I cried and cried, years of emotion and pain released in a single instance.  Freedom and a sense of the spiritual--he became my God in those moments--overtook me. I felt whole.  At peace with my place in life.  And, finally, content to be a submissive.  Content to honor my true nature and to accept the path that I have been given.  I was born to suffer and it is in this suffering that I find peace, joy.

He held me as I cried, telling me it would be O.K.   But he did not say that my punishment was over.  He did not relent.  He said I would be better after I suffered the second hour.

And I knew he was right.

We talked, about other things.  Life in general.  Then, he decided, like he likes to do, to give me a choice:  In exchange for the second hour, I could choose to wear a pair of vicious nipple clamps to sleep in.  I would wear them until he and Mistress woke  up the next morning.  I agreed, knowing it would be terrible torture but not less than what I deserved.

After I chose, he placed the clamps on me and, it seems, enjoyed the torture he inflicted.  He decided to fuck me then.  My sore ass pressed into the bed, the clamps on my nipples he mounted me.  Thrust hard into me, making me want to cry and scream.  And come.  He let me, his little slut allowed to come.  And I did.  Over and over.  Before he did, though, he decided to test my submission in one more way.  He kept me on my back as he fucked my ass.  Hard.  I came from that too.  Then he left me to sleep.

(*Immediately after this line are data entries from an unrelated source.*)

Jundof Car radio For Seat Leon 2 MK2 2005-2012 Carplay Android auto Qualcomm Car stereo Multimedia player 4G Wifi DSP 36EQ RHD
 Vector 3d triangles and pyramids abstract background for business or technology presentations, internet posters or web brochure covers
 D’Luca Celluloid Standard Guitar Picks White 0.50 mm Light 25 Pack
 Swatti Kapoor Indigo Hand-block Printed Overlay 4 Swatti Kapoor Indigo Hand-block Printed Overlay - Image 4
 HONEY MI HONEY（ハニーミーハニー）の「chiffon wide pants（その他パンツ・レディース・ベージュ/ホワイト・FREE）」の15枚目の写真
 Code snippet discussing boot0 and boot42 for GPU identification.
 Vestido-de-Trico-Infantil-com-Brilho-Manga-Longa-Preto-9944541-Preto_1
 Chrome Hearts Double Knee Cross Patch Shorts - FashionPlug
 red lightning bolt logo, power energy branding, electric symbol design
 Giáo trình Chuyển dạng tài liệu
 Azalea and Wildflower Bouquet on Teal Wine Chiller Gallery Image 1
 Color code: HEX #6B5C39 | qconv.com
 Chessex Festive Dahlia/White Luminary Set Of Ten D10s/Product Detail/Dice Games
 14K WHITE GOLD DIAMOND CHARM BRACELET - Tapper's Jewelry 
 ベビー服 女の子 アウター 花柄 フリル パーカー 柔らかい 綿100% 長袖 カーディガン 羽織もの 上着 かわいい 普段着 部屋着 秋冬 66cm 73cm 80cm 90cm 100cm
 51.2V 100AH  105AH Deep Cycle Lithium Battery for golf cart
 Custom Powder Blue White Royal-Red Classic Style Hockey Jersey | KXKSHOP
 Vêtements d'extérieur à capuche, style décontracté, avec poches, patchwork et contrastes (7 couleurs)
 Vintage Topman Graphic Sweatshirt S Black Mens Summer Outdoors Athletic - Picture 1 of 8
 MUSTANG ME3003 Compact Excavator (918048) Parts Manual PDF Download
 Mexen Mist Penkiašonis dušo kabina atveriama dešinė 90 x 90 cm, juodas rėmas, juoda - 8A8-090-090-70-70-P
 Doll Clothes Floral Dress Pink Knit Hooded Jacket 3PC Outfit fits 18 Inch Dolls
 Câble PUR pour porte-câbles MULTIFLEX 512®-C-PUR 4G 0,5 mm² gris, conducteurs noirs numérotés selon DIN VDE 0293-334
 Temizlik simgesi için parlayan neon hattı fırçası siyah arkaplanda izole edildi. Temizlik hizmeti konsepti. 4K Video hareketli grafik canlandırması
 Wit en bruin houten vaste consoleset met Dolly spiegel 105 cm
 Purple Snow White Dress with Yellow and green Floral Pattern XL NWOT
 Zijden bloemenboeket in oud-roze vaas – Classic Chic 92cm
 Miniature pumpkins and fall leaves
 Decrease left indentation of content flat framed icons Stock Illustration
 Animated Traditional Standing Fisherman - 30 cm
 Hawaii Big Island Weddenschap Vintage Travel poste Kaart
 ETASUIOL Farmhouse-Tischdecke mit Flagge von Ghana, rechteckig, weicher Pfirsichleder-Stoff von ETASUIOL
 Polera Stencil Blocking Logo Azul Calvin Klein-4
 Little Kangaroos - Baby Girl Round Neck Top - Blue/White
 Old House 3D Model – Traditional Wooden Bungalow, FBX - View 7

I knew pain then.  Real pain.  Not the whippings/beatings I have had before.  But pain.  Emotional and physical pain.  But I also knew submission.  A space in my head that is the most beautiful, free place on earth.  Echos of my troubles do not reach there--I am alone and left with the joy of offering myself to them.  I am placed carefully in a position where I am free of desires and wants and free of the burden of unfulfilled wants and desires.  I don't want to go back there from time to time.  I want to go there to stay.

And, even today, I am reminded of the pain.  My Master has decreed that I am not to sit on anything softer than the floor or the wooden slatted chair he gives me.  For the next week, I will feel the reminder.  And I will learn control.

When we played last night, I didn't come without permission.  I held back, obeying him as I should.  And I felt free again.